─── Input

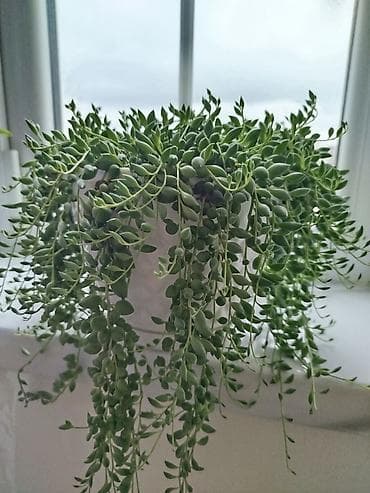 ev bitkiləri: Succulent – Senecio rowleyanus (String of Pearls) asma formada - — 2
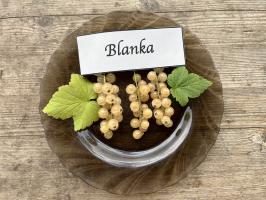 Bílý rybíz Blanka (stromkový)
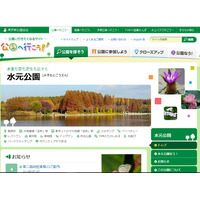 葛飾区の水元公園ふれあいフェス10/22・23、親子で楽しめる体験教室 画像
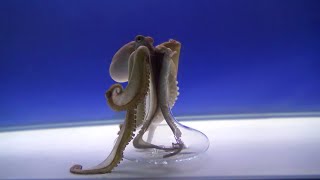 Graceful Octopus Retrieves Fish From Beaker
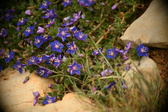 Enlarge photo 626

──────

● **Required action**
Each entry above must be repeated word for word, minus its images.

● **Exercise output**
 ev bitkiləri: Succulent – Senecio rowleyanus (String of Pearls) asma formada - — 2
 Bílý rybíz Blanka (stromkový)
 葛飾区の水元公園ふれあいフェス10/22・23、親子で楽しめる体験教室 画像
 Graceful Octopus Retrieves Fish From Beaker
 Enlarge photo 626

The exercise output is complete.